For Beginners: This method clears the layer's memory to start fresh.
When resetting the state:
- The saved input is cleared
- The saved linear and gate outputs are cleared
- All calculated gradients are cleared
- The layer forgets previous calculations it performed
This is typically called:
- Between training batches to free up memory
- When switching from training to evaluation mode
- When starting to process completely new data
It's like wiping a whiteboard clean before starting a new calculation. Note that this doesn't affect the learned weights and biases, just the temporary working data.
SetParameters(Vector<T>)
Sets the trainable parameters of the layer from a single vector.
public override void SetParameters(Vector<T> parameters)
Parameters
parametersVector<T>A vector containing all parameters to set.
Remarks
This method sets all trainable parameters of the GLU layer from a single vector. The parameters should be in the same order as produced by GetParameters: linear weights, gate weights, linear biases, gate biases.

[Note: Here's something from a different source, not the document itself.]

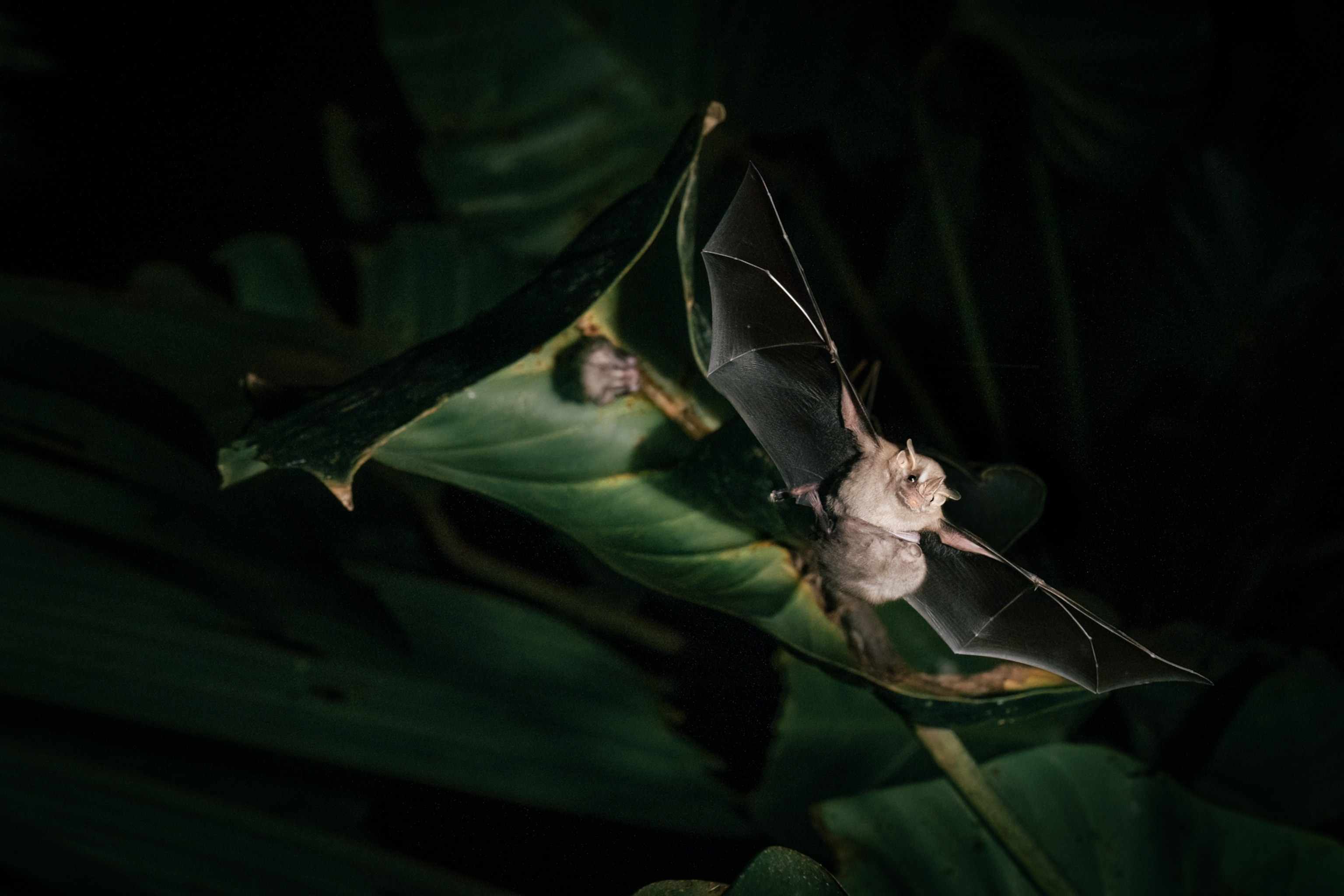 A bat flying.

For Beginners: This method updates all the layer's learnable values from a provided list.
When setting parameters:
- The input must be a vector with the exact right length
- The values are distributed to the correct parameters in order
- They must follow the same order used in GetParameters
This method is useful for:
- Restoring a saved model
- Loading pre-trained parameters
- Testing specific parameter configurations
The method verifies that the vector contains exactly the right number of parameters before applying them.
Exceptions
- ArgumentException
Thrown when the parameters vector has incorrect length.
UpdateParameters(T)
Updates the weights and biases for both paths using the calculated gradients and the specified learning rate.

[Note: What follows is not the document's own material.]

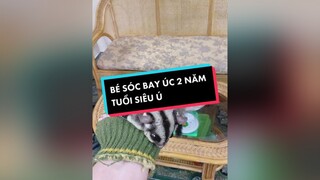 Bé sóc bay Úc siêu ú 😂 sugarglider socbayuc sócbayúc socbayucbaby socbay sócbay thucung pet pets animal animals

public override void UpdateParameters(T learningRate)
Parameters
learningRateTThe learning rate to use for the parameter updates.
Remarks
This method updates all trainable parameters of the GLU layer based on the gradients calculated during the backward pass. The parameters include weights and biases for both the linear and gating paths. The learning rate determines the size of the parameter updates.
For Beginners: This method changes the weights and biases to improve future predictions.

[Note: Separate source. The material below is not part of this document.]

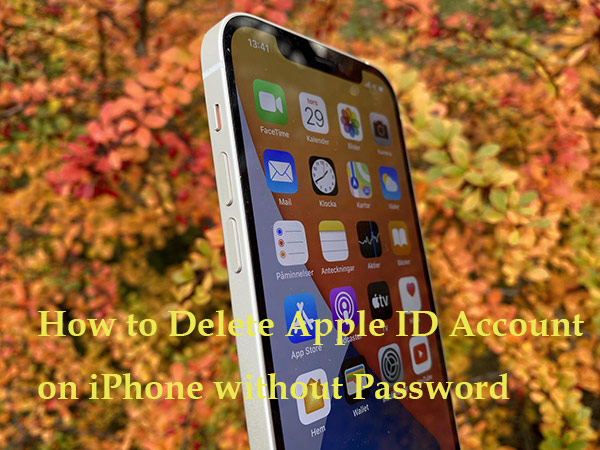 how to delete apple id without password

After calculating how each parameter should change:
- All parameters are adjusted in the direction that reduces errors
- The learning rate controls how big these adjustments are
The updates apply to all four sets of parameters:
- Linear weights: For better feature extraction
- Gate weights: For better selection of important features
- Linear biases: For better baseline feature values
- Gate biases: For better default gate openness
Each parameter moves a small step in the direction that improves performance. The minus sign means we move in the opposite direction of the gradient to minimize error.
Exceptions
- InvalidOperationException
Thrown when update is called before backward.